His own father is a residential school survivor and “carried that kind of corporal punishment idea with him in his child rearing,” Brass told CBC Blue Sky host Nichole Huck.

Brass said he was spanked “a couple times” as a child, but noticed his father’s views had shifted when he became a grandparent. Brass recalled his father’s advice in a moment of frustration with his son.

“I was being a dad in front of my dad and he stopped me and was like, ‘You shouldn't talk to him like that. He's tender,'” Brass said.

“He referred to my son as tender. I think he was referring to him as a child, not just my son … I think that evolution is based on regret. He regretted having reacted knee-jerk in situations.”

Watkinson said "there’s a large body of evidence" showing corporal punishment's negative effects on children that may not manifest immediately, including physical injuries, long-term trauma and mental health issues, increased aggression and relationship difficulty.

Bible belt

Corporal punishment may have fallen out of favour in mainstream society, but some cultural and faith-based groups still consider it a parent’s right to hit their child, Watkinson said.

She sat in the courtroom during recent trials of men who used to run a private Christian school in Saskatoon and who are charged with or convicted of assault for hitting teenage students with a wooden paddle as punishment.

"It's part of the culture war because when you look at those who support as opposed to those who find it abhorrent, it's along ideological and political lines, and Legacy Christian [Academy] is a prime example of it," Watkinson said.

Marina Iyeme-Eteng is originally from Nigeria. She now lives in Saskatoon, where she is raising two children and works as a family life coach. The strong religious undercurrents in Nigerian culture “made it widely acceptable for parents to be able to spank,” Iyeme-Eteng told CBC’s Blue Sky.
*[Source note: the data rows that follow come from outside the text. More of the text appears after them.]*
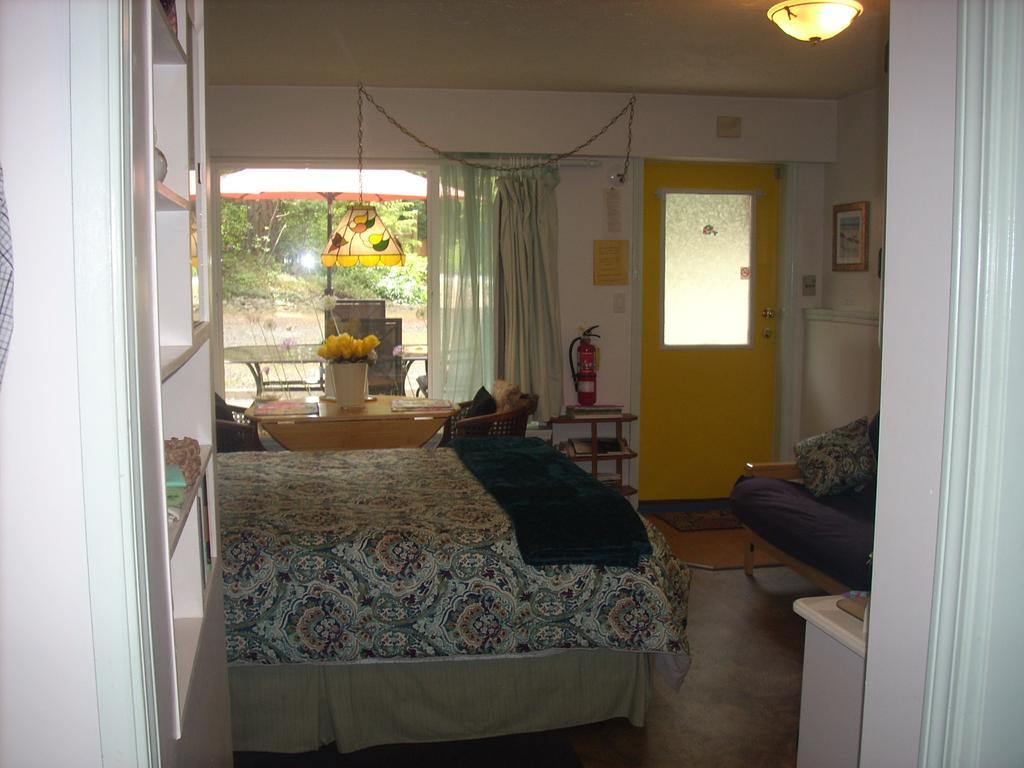 Bed and Breakfast At Nautica Tigh Private Keypad Entrances Qualicum Beach Exterior foto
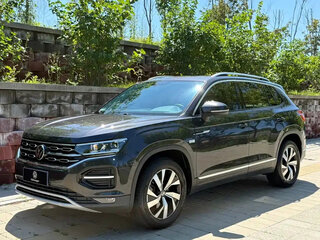 2023 Volkswagen Tayron I Рестайлинг, чёрный, 2089000 рублей, вид 3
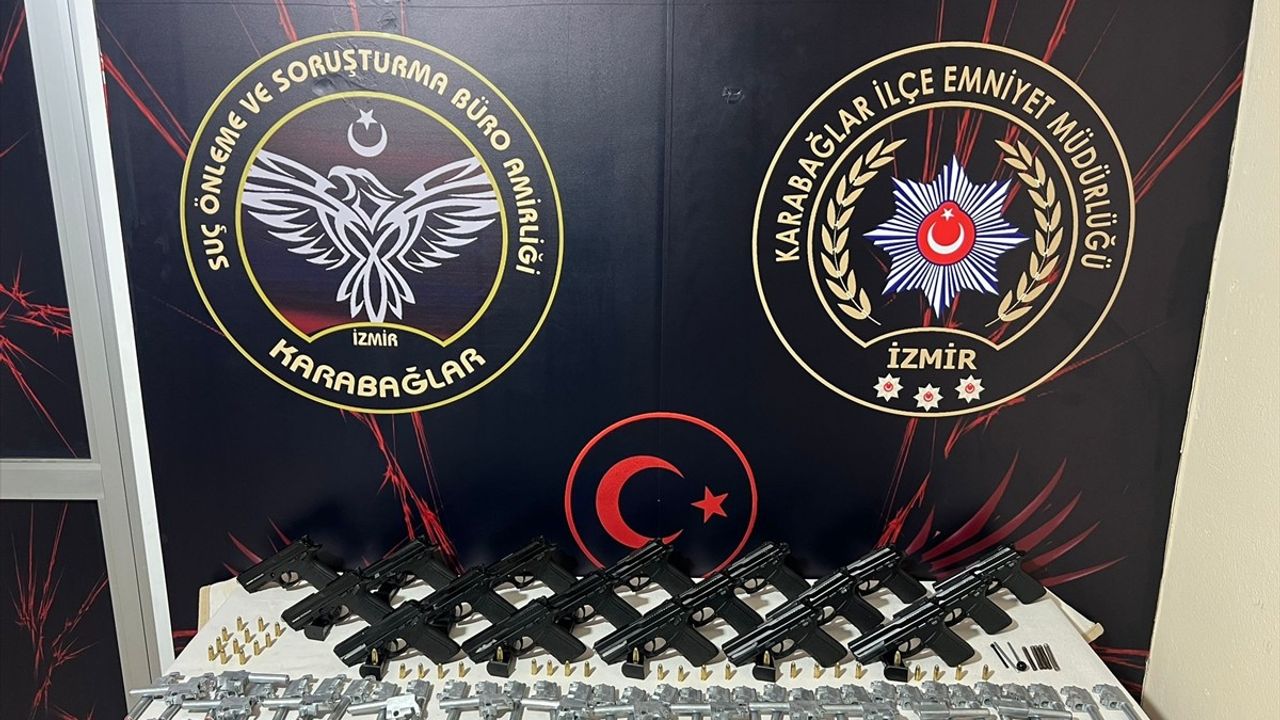 İzmir'de Silah Kaçakçılığı Operasyonu: Baba ve İki Oğlu Gözaltında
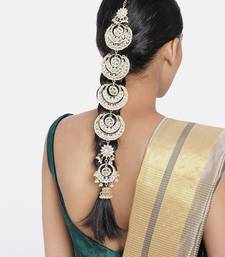 Gold-Plated Metal Traditional Floral Kundan Pearl Studded Beaded Head Chain/Paranda 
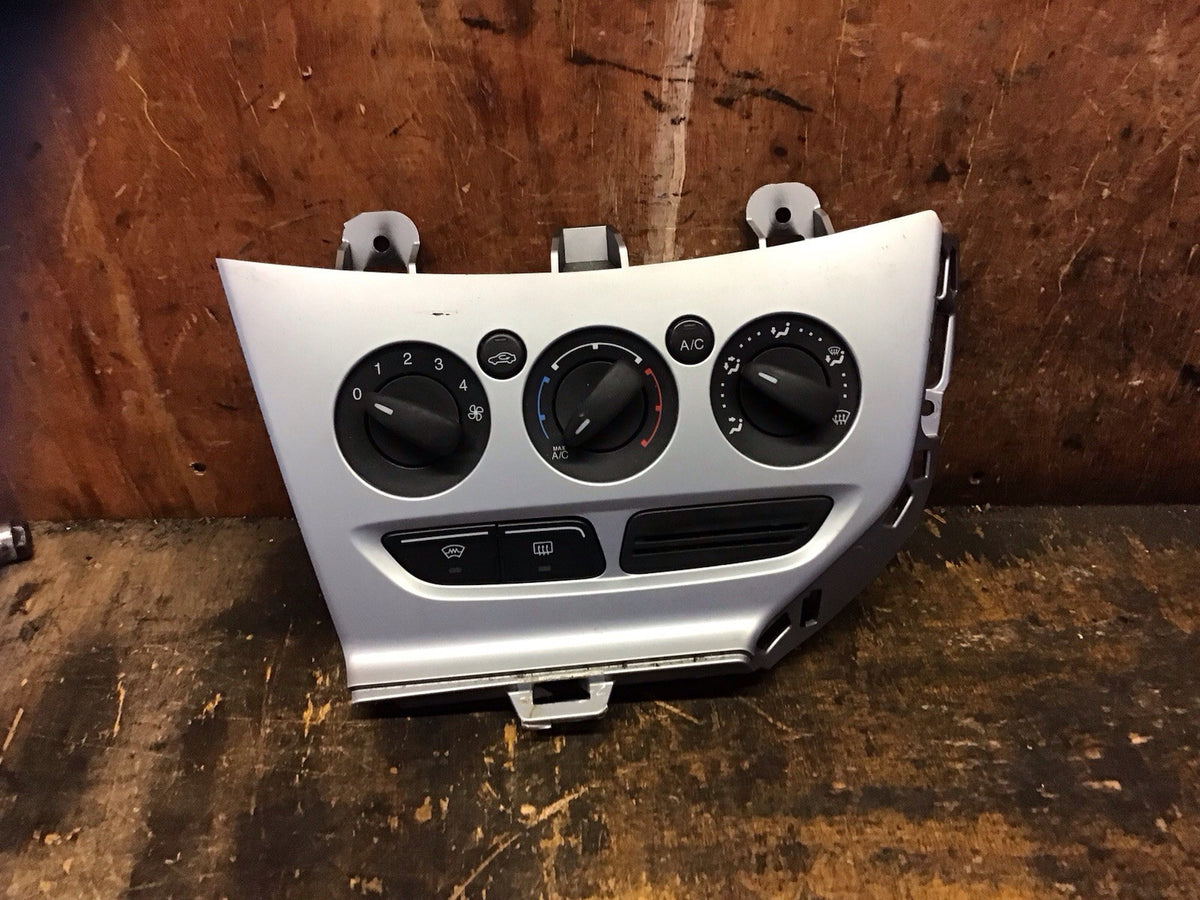 FORD FOCUS MK3  HEATER CONTROL UNIT CLIMATE CONTROL BM5T19980 2011 20182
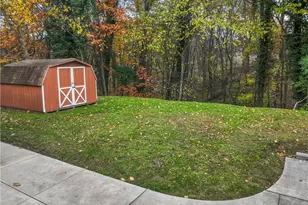 104 Allison Dr, Brighton Township, PA 15009 - Photo 8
“There were no restrictions,” she said. “There was no guidance for how far was too far … If you don't discipline, then the child becomes an abomination to the parent.”

A wife and husband and their two children pose for a photo.
Marina Iyeme-Eteng with her family. (Juggernautx Photography)

She said faith-based justification for hitting children is misguided.

“I believe in the Bible, but I find that some of those scriptures have been taken out of context where the rod that we're referring to has now been likened to a physical rod that should be used to hit [instead of] the rod of a shepherd,” Iyeme-Eteng said.

“It’s supposed to be a tool for guidance and direction and safety, and not physical spanking.”

She said corporal punishment can be confusing for children.

"I was spanked as a kid for things that I didn't understand,” she said, adding that it’s important for parents “to provide guidance and direction without necessarily resorting to physical violence or force.”

Corporal punishment teaches children to fear their parents when they should be learning positive values, Brass said.

“I'm constantly trying to take care of this little version of myself that I see in them," he said. "It's just this kind of weird cycle of care and love … that would crush me, if my kids were afraid of me.”